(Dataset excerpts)
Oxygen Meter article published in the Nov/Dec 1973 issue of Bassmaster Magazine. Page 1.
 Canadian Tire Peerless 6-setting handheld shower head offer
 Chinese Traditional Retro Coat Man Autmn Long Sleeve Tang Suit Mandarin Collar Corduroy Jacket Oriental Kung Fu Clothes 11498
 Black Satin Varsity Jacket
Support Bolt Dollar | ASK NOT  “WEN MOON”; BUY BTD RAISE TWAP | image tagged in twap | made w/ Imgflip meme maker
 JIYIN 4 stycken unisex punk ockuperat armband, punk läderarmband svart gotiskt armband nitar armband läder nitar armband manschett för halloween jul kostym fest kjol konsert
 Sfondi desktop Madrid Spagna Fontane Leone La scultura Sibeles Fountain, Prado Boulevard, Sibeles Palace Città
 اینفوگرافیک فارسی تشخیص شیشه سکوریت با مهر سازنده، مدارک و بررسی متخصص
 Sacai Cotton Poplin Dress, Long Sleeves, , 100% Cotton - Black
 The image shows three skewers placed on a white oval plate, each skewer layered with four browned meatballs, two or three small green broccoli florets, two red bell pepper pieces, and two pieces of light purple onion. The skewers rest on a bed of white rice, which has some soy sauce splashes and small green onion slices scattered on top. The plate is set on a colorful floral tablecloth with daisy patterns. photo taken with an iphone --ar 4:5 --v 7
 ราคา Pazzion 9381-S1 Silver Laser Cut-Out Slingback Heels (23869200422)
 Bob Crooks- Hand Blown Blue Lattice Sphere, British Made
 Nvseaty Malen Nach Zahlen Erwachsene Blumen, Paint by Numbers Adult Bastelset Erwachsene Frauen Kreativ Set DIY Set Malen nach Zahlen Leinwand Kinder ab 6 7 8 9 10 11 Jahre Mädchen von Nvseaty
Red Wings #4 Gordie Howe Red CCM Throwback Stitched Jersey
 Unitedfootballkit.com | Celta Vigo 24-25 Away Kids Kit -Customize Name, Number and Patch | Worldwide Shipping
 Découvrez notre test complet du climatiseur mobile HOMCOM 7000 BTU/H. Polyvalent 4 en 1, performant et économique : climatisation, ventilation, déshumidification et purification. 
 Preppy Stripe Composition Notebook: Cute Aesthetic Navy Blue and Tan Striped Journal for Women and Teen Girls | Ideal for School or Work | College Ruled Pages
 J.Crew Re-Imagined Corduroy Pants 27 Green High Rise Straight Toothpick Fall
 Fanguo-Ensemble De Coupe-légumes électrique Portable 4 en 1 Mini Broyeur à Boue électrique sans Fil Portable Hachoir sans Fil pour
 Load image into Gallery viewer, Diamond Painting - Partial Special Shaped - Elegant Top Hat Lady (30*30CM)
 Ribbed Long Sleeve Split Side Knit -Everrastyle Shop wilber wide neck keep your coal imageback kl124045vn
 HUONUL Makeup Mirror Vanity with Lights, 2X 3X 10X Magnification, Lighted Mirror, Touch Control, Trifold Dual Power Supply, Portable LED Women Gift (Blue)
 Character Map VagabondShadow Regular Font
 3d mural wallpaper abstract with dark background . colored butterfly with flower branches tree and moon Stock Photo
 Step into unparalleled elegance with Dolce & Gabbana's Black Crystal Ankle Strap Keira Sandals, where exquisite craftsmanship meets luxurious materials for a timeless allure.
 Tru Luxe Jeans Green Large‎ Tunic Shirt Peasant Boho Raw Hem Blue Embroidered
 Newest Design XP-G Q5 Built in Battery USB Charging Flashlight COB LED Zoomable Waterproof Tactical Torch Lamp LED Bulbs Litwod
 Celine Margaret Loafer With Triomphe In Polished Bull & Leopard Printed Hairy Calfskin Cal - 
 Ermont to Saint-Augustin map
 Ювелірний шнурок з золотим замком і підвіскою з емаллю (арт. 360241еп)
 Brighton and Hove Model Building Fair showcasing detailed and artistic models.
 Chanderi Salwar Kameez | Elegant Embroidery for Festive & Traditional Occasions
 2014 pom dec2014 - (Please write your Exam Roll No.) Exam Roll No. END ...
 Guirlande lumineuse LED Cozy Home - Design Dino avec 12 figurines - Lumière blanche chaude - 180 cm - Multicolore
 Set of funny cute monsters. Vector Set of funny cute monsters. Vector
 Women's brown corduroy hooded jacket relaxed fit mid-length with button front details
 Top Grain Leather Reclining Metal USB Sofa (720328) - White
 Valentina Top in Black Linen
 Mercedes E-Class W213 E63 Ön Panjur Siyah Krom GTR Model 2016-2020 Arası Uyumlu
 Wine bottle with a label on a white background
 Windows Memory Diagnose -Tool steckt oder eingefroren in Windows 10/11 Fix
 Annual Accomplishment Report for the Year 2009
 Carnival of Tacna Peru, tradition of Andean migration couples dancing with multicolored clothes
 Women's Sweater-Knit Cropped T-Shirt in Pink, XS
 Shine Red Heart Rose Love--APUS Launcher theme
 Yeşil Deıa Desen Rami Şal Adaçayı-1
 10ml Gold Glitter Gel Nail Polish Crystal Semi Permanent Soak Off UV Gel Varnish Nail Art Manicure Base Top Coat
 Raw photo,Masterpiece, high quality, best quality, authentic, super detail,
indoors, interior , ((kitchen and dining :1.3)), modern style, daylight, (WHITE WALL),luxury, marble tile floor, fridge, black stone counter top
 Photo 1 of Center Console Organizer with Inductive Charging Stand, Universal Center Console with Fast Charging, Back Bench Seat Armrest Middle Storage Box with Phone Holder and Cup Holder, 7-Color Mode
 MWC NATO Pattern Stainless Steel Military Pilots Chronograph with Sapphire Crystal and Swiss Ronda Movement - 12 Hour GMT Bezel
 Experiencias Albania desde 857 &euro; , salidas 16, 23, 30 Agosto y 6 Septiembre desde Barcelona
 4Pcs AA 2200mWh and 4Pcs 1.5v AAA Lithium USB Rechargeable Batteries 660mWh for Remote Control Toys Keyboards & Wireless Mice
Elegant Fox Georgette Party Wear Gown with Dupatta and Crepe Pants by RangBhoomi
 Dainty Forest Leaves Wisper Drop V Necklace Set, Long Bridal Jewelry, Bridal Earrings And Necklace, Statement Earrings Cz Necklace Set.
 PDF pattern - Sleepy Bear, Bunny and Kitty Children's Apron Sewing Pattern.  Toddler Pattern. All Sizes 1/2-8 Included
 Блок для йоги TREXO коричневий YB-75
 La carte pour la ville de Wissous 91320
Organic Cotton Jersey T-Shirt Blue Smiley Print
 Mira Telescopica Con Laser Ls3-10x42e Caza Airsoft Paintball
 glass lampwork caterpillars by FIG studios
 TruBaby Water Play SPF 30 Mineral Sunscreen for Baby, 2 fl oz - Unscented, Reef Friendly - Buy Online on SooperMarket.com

ACTION ITEM
Above are records; repeat only the lines starting at the line with "Women's brown corduroy" and ending at the line with "Raw photo,Masterpiece, high", exactly as they appear, both included.

SOLUTION FOR THIS TASK
 Women's brown corduroy hooded jacket relaxed fit mid-length with button front details
 Top Grain Leather Reclining Metal USB Sofa (720328) - White
 Valentina Top in Black Linen
 Mercedes E-Class W213 E63 Ön Panjur Siyah Krom GTR Model 2016-2020 Arası Uyumlu
 Wine bottle with a label on a white background
 Windows Memory Diagnose -Tool steckt oder eingefroren in Windows 10/11 Fix
 Annual Accomplishment Report for the Year 2009
 Carnival of Tacna Peru, tradition of Andean migration couples dancing with multicolored clothes
 Women's Sweater-Knit Cropped T-Shirt in Pink, XS
 Shine Red Heart Rose Love--APUS Launcher theme
 Yeşil Deıa Desen Rami Şal Adaçayı-1
 10ml Gold Glitter Gel Nail Polish Crystal Semi Permanent Soak Off UV Gel Varnish Nail Art Manicure Base Top Coat
 Raw photo,Masterpiece, high quality, best quality, authentic, super detail,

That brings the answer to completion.